AVAILABLE RECORDS ->
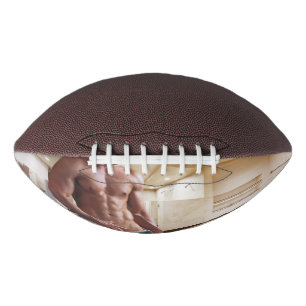 SlipperyJoe's oberkörperfreier muskulöser Männer-T Football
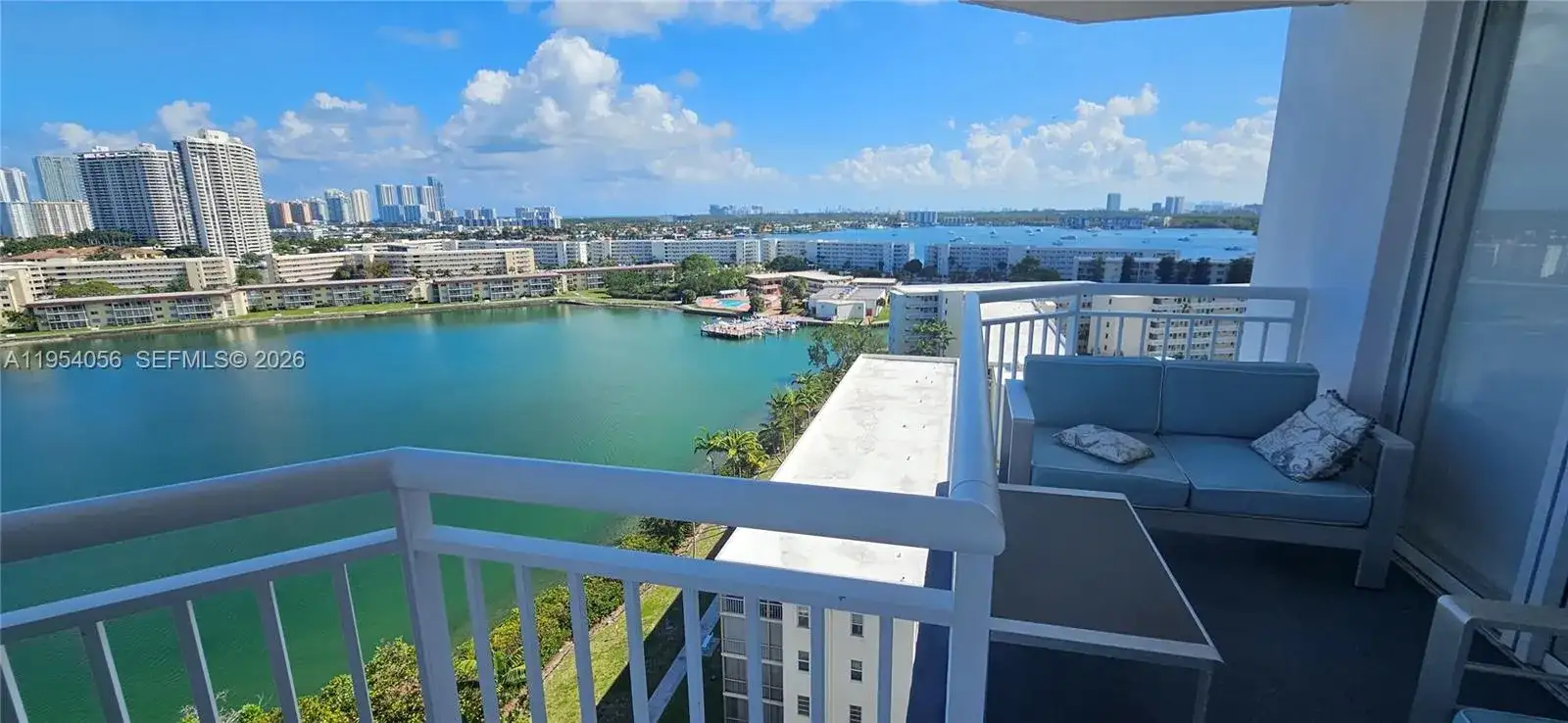 18041 Biscayne Blvd # 1405, Aventura FL 33160 photo 3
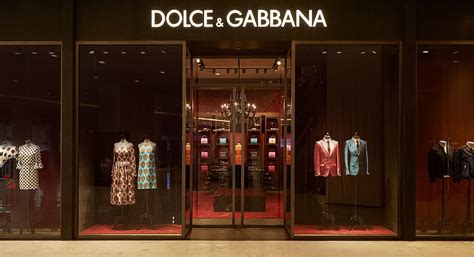 Dolce & Gabbana Nasıl Okunur.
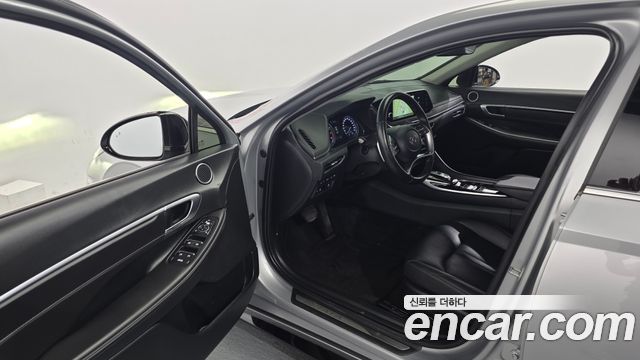 Hyundai Sonata 2023 — photo 10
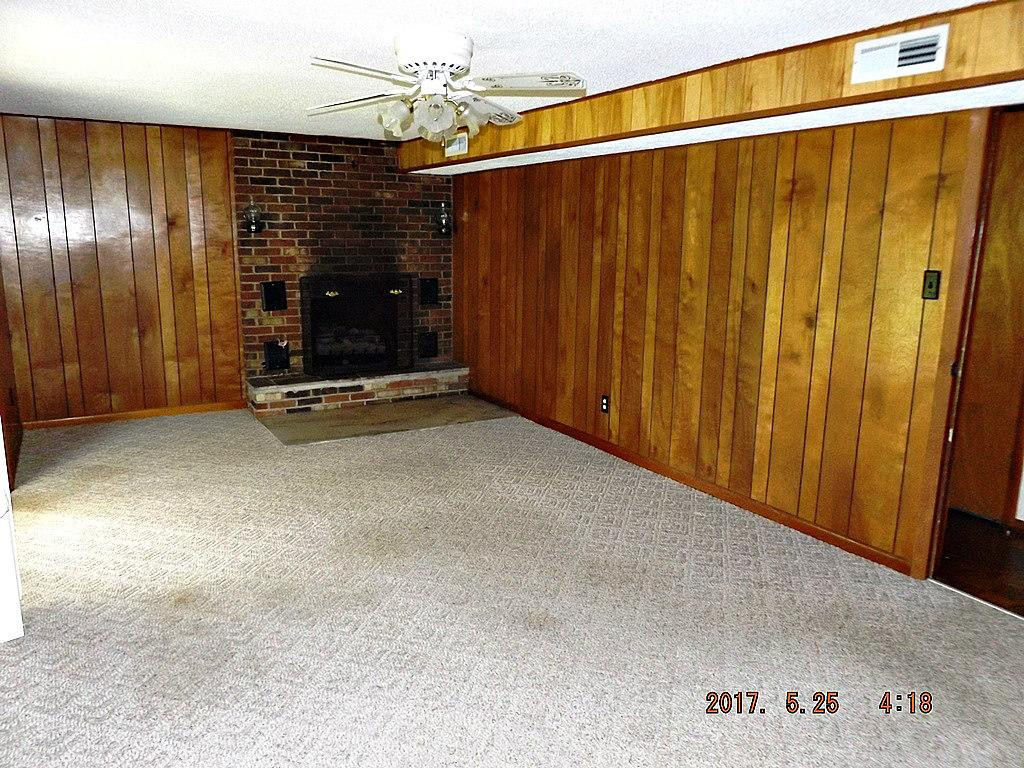 161 George Bowers Road Elizabethton, TN 37643 - Photo 6 of 18 Downstiar Family Room
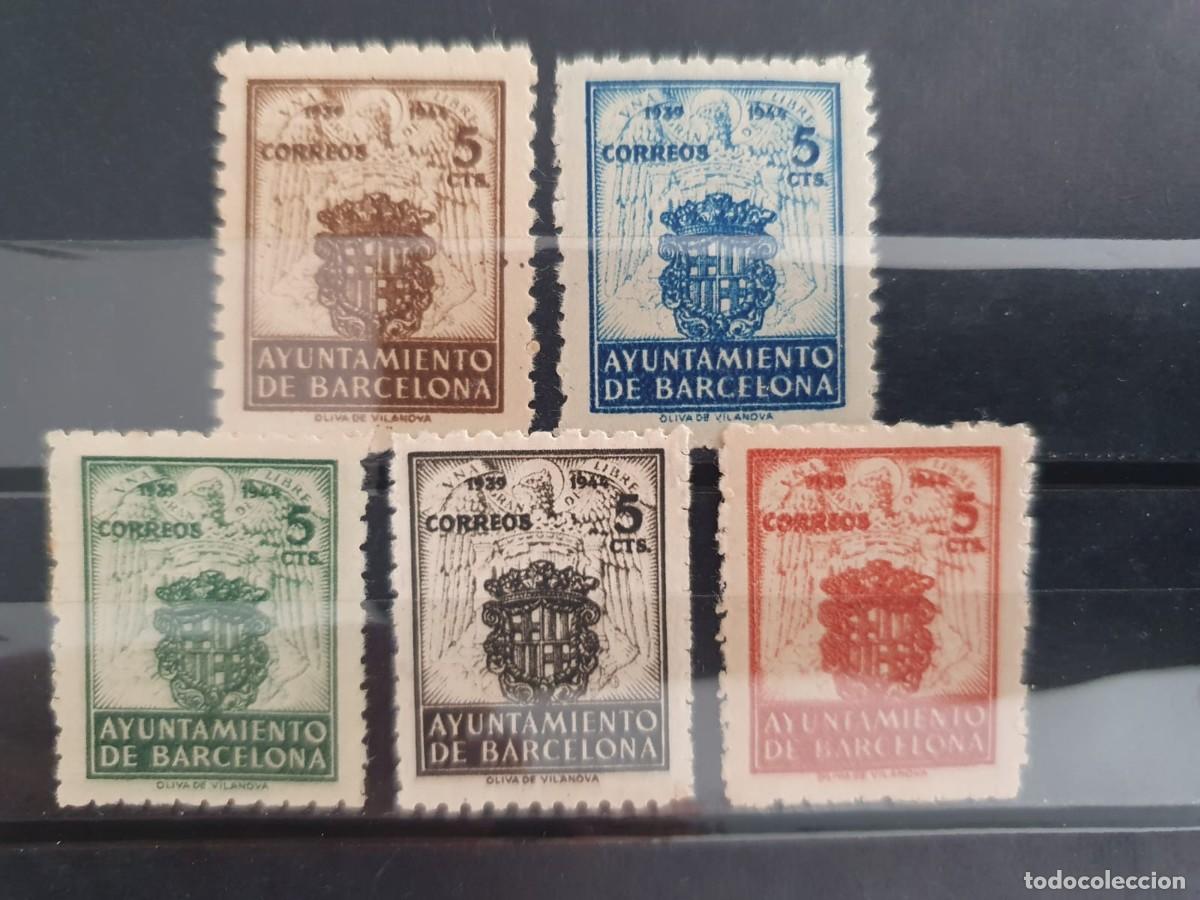 Sellos: BARCELONA EDIFIL 55 ** A 59 ** ESCUDO 1944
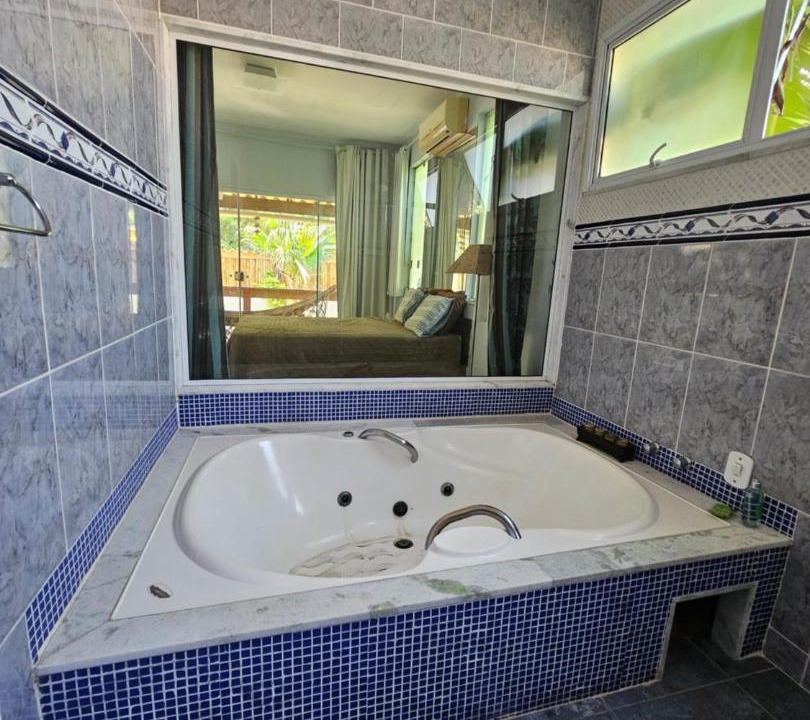 Photo of Bathroom in Itaipuacu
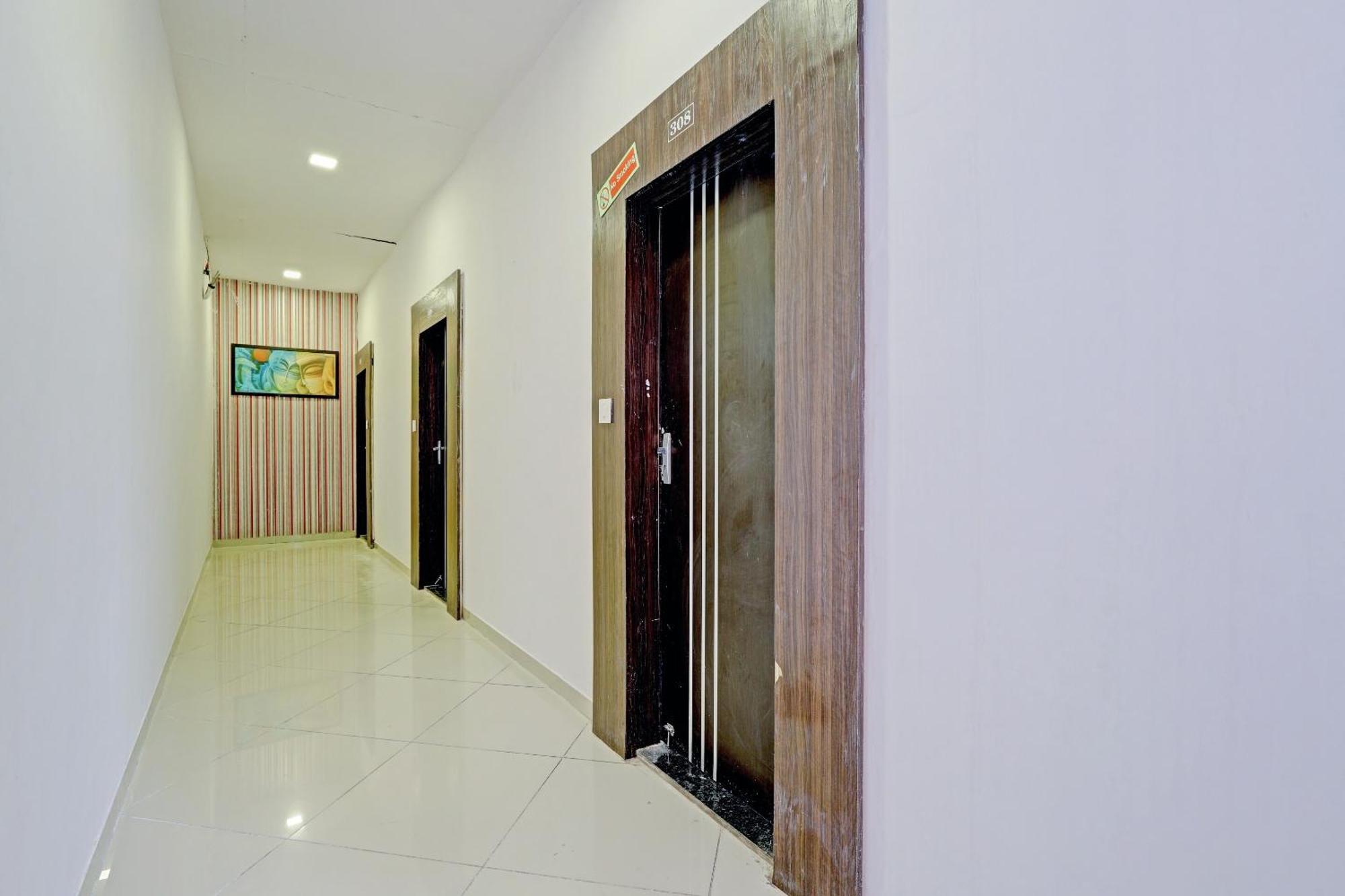 Oyo 11649 Hotel Mahima กันตินาการ์ ภายนอก รูปภาพ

YOUR INSTRUCTIONS -> Lines from the one containing "161 George Bowers" through the end of the entries above, both included, are to be written out exactly; no pictures and no other lines.

ANSWER FOR THE TASK ->
 161 George Bowers Road Elizabethton, TN 37643 - Photo 6 of 18 Downstiar Family Room
 Sellos: BARCELONA EDIFIL 55 ** A 59 ** ESCUDO 1944
 Photo of Bathroom in Itaipuacu
 Oyo 11649 Hotel Mahima กันตินาการ์ ภายนอก รูปภาพ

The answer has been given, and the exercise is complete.